Kelley noted that his son will not have a role in his foundation—“he lives in a big house on a hill in California and is happy there”—and has placed on the organization’s board two long-time supporters of his career, a retired professor and a local businessman. His lawyer, Scott Hodes, who helped him set up the foundation, is a co-executor of the artist’s will.
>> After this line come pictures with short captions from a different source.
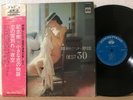Japan Cheesecake Cover BLUE NIGHT ALL STARS Best Hit Kayou 30 Double LP KB-3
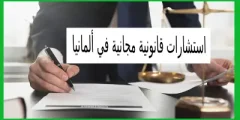 استشارات قانونية مجانية في ألمانيا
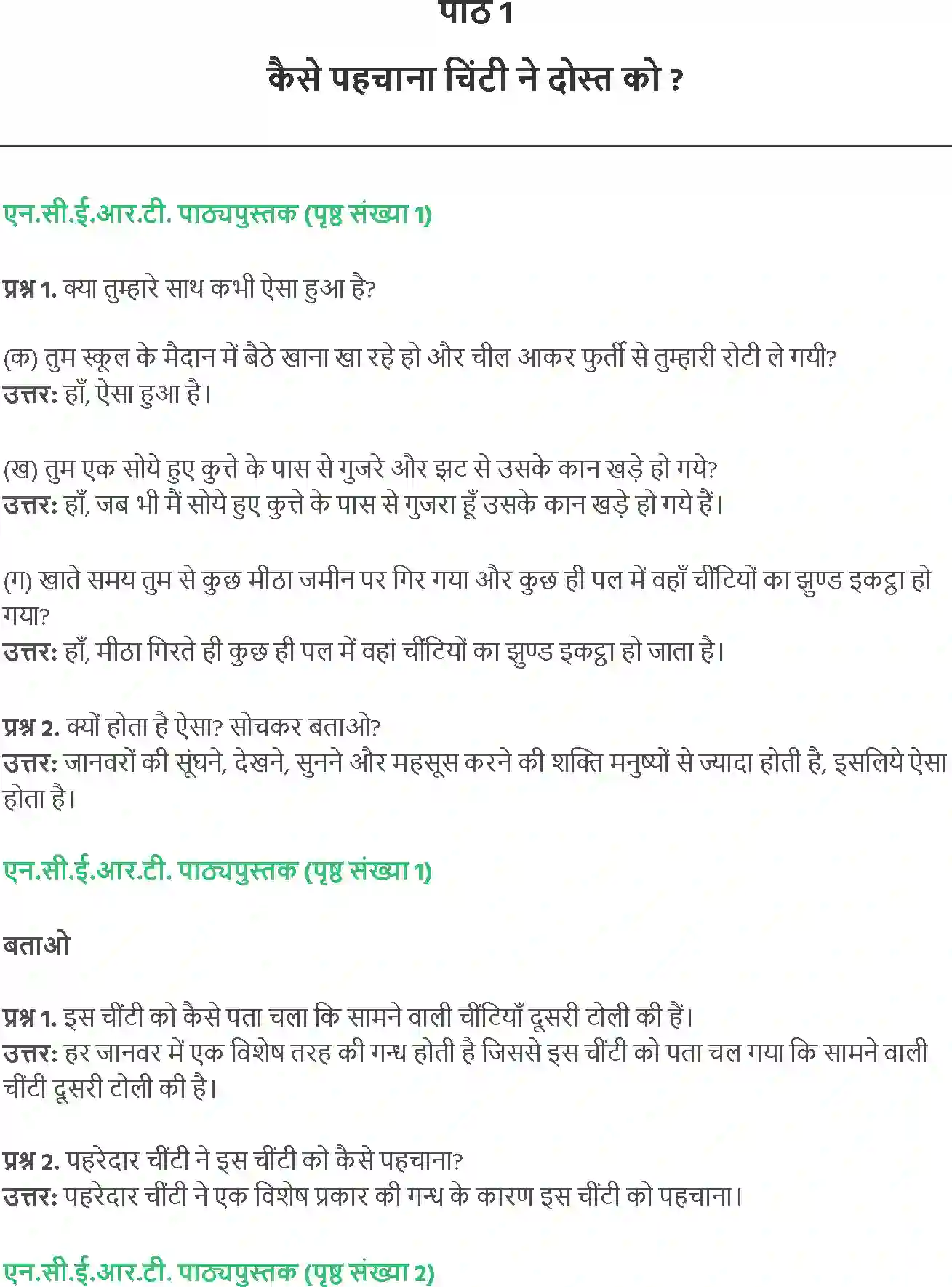 NCERT-Solution-Class-5-Social-Science-Chapter-1-Kaise-Pehchana-Chinti-Ne-Dost-Ko-1835-page-1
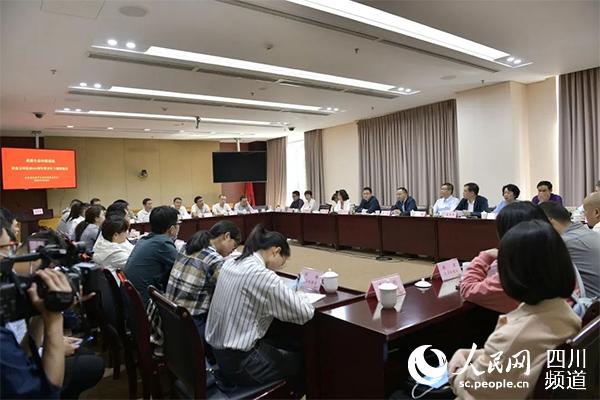 座談會現場（成都生態壞境局供圖）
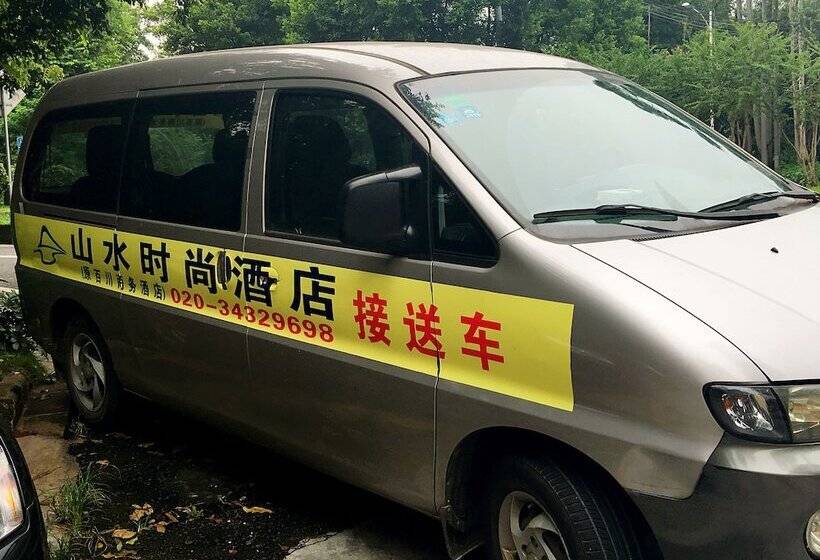 Fotos del hotel Shanshui Trends Hotel Pazhou Branch:  10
There is no ideal executor of an artist’s estate or foundation. “Dealers might take charge, since they usually have the best understanding of the art market and how to promote an artist’s work,” Hodes said. “They have an interest in the future.” But they may also just want to pick-and-choose among an artist’s most sellable works and show little interest in the rest. And, since a lot of artists’ markets die when they do, dealers often are apt to drop an artist upon his or her death. He also claimed that lawyers make good executors (“they know that a legacy is adversely affected by lawsuits”) and that “bankers would be the least self-interested” of all potential executors. All true, but he added that they may have less knowledge about how to promote an artist’s work posthumously than those who are insiders.
Of course, the most notorious case of art world insiders doing wrong by an artist involved the estate of painter Mark Rothko. Two years before taking his life in 1970, Rothko had drawn up a will, naming three executors who would create a foundation that would receive the bulk of his paintings: Bernard Reis, an art collector and accountant; Morton Levine, an anthropology professor at Fordham University, who was also named guardian of the artist’s youngest child, Christopher Rothko; and Thodoros Stamos, a painter and younger member of the New York School of abstract expressionism who was a good friend of the artist. (Rothko’s wife died of heart failure six months after her husband’s passing.)
One of the executors’ first actions was to sell 798 of Rothko’s paintings to New York’s Marlborough Gallery for $1.8 million and consign to the same gallery 698 more at a 50 percent commission. Rothko’s children sued, accusing the three executors of conspiracy to defraud the estate and waste its assets: Frank Lloyd, the owner of Marlborough Gallery, had purchased a huge quantity of artwork by a major American artist for far below its actual value, and some quick sales that he made on a number of those paintings realized profits of 800 percent for him.
Reis was charged with self-dealing for being the accountant to both the Rothko family and the Marlborough Gallery at the time of these contracts, while Stamos was accused of going along with the deal in order to be taken on as a Marlborough artist. In fact, in 1971, Stamos became part of Marlborough’s stable, and his first exhibition at the gallery was held the following year. His friendship with Rothko came to be seen as partly mercenary.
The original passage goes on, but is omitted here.